この方法は、生物学的サンプルにおけるキチナーゼ活性を定量化するより効果的な方法を可能にする。チチナーゼ活性は、多くの状態および疾患における診断および治療効果のための良好なマーカーとして役立つことを示している。チチナーゼ活性の測定のための以前の方法は、多くの場合、時間がかかり、実行することが困難であった、ここで示すアッセイによって解決された両方の問題。
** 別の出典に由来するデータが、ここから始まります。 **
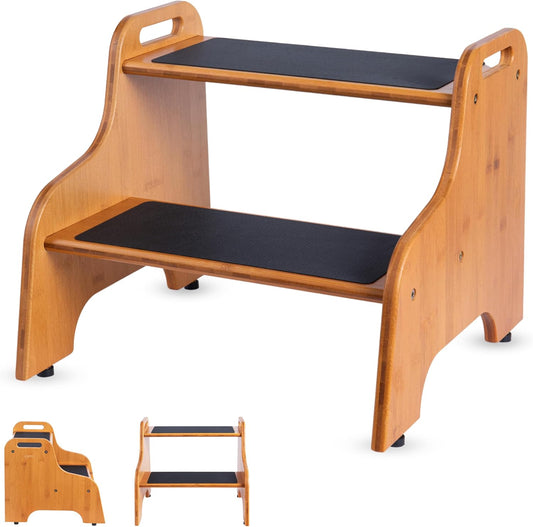 2-Step Wooden Step Stool for Adults & Kids – Non-Slip Bed, Bathroom, Kitchen, and Closet Use – Heavy-Duty Portable Step with Handles – 400 lb Capacity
この技術は、チチナーゼ活性を測定しやすくすることで、診断および治療マーカーとしての潜在的なチチナーゼを満たすのに役立ちます;例えば、チチナス活性が効果的な治療中に減少することが示されているので、ゴーシェ病の治療を監視するために使用することができます。まず、アッセイ用の基板、規格、およびソリューションを準備します。原稿の指示に従って1x McIlvainバッファーを調製し、キチン基板をそれぞれ500マイクロモルに希釈するために使用します。
4-メチルウンベリフェロン、標準、停止バッファー内の0.1ミリモルの濃度に溶解し、標準的な曲線ストック溶液を作成します。10サンプルごとに、1x McIlvainバッファーの2.17ミリリットルをキチン基板の100マイクロリットルと混合して、作業溶液を作り、96ウェルプレートの各ウェルに95マイクロリットルの作業溶液を作ります。テストサンプルを5マイクロリットルずつ各ウェルに加え、作業溶液に混ぜます。
プレートを覆い、5秒間振り、37°Cで15分間インキュベートして酵素反応を起こす。一方、4-メチルウンベリフェロンのストック溶液を希釈して5マイクロモル作動標準溶液を作り、原稿に従って一連の希釈を調製して標準曲線を作成する。5マイクロモル濃度から始め、各希釈をよく混ぜます。
インキュベーション後、各ウェルに200マイクロリットルのストップバッファーを加えて反応を停止します。各規格の300マイクロリットルの複製を同じプレートに加え、360ナノメートルの励起と455ナノメートルの放出でプレートを読み取ります。このプロトコルは、野生型の気管支肺胞洗浄および血清液中のキチナーゼ活性と、トランスジェニックマウスを過剰発現するキトトリシダーゼの測定に成功した。
このアッセイは、マウスにおけるCHIT-1遺伝子の過剰発現が、チチナーゼ活性の増加をもたらすことを確認する。サンプルの蛍光に基づいてキチナーゼを決定するために標準曲線を使用した。最初にプロトコルを試みる際に覚えておくべきことは、完全に混合しながら、できるだけ迅速かつ効率的にサンプルを追加することです。
最初に開始する場合、インキュベーション期間が短いため、測定の精度を確保するために、1回の実行あたりのサンプル数を減らすことが有益な場合があります。